今回はこれまで24年以上もの期間で700件以上の事業再生案件を手がけてきた、公認会計士の山本淳氏(みそうパートナーズ株式会社:代表取締役)にお話を伺いました。山本氏の事業再生に対する熱い想いや、事業再生について専門家に相談するベストなタイミング、事業再生に成功する会社の傾向など、事業再生についての経験談も交えながら多岐に渡ってお話しいただきました。

現場叩き上げの公認会計士『山本 淳』のバックボーン

-本当に面白い。本気で悔しい。やりがいのある事業再生-

はじめに読者の皆さんに対して山本氏のことをご紹介する意味も兼ねて、山本氏ご自身の事について伺いたいと思います。
まずは山本氏が公認会計士を目指した経緯などを教えていただけますか?

実は私の家庭はあまり裕福ではなくて、高校を卒業した後は進学せず働く道を選択しました。知り合いの会社を色々手伝いながら働いていたのですが、そこの会社にはあまり数字に強い人がいなくて、私が数字に強くならないと業務が回らないなということで簿記の勉強をしていました。

そんな生活をしている中、たまたま公認会計士の方とお会いする機会がありました。丁度自分で勉強して日商簿記1級に合格し会計面の知識もありましたし、その方の進言もあって、公認会計士を目指そうというのがきっかけですね。働きながら勉強して、その約1年後、26歳の時に一発で公認会計士の試験に受かり、監査法人で働き始めました。

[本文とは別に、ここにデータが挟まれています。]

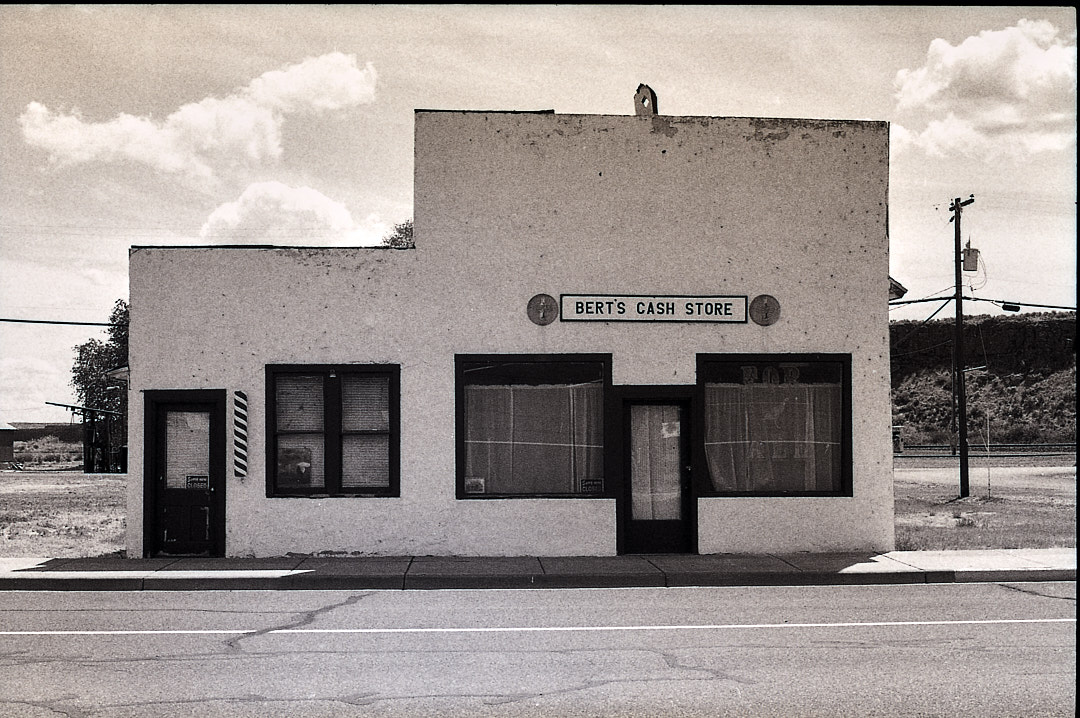 Bert's Cash Store beside an empty road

そこから事業再生の道に進んだことには何かきっかけがあるのでしょうか?

30歳くらいの時、業績の悪い会社のところを手伝ってくれと言われて行ったのが、初めての事業再生現場でした。

そこの会社の社長と飲みに行った時につい飲みすぎてしまった日があって、社長の家に一晩泊めてもらった日があったんです。そこで会社についての改善点とか将来のビジョンとかを一晩中語り合って、結果的に社長とはものすごく仲良くなりました。もちろん仲良くなっただけではなくて、語り合う中で会社のことが理解できたので社長と一緒になって会社の事業計画を組み立てて、それをもって銀行を説得したり、色々ありましたが、1年半くらいでその会社は再生して経営が安定しました。その時に、これ天職なんじゃないかっていうくらい面白みを感じたんですよね。

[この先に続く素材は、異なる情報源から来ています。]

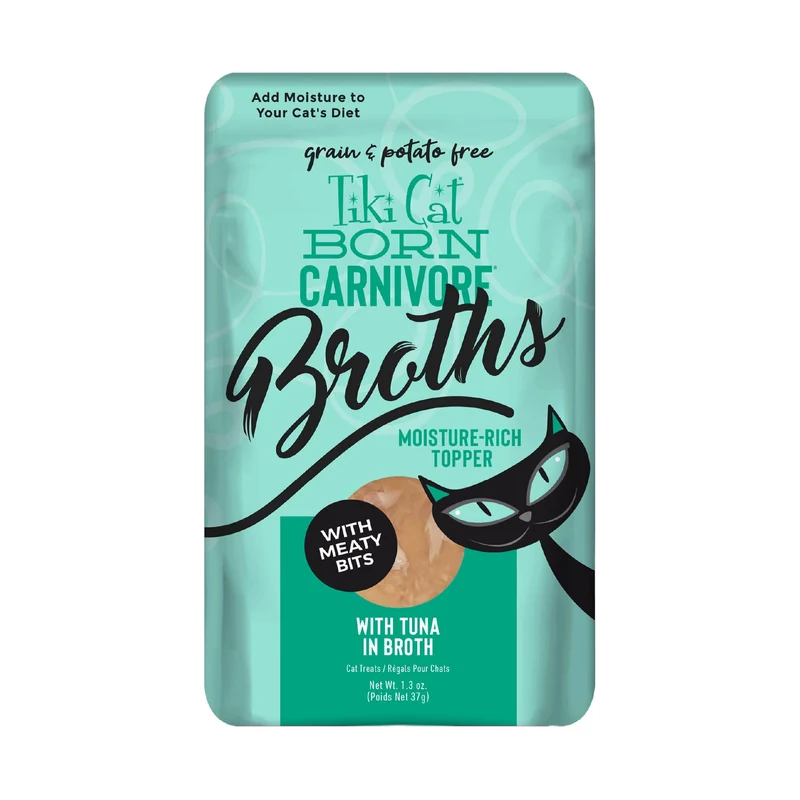 Broths Born Carnivore Tiki Cat au Thon – Hydratation et Saveur, Sachets 1,3 oz (Lot de 12)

当時私が携わっていた会計監査の仕事は、どうしても数字の上の話で終止している事が多かったのですが、再生の現場は数字の基となる事業の理解、なぜダメになったかという根本原因の把握、それを改善するための施策の立案、その施策を実現するための組織改革・意識改革等々、数字だけの世界では解決できず、関与するコンサルタントの熱量や力量でも大きく変わる。であるならば私にしかできない仕事をしたいと思い、事業再生の世界に飛び込みました。

天職と仰るくらいですから、事業再生はそれだけ素晴らしい仕事であると感じます。
その後現在に至るまで事業再生に関わり続けるための原動力はどういったものがあるのでしょうか?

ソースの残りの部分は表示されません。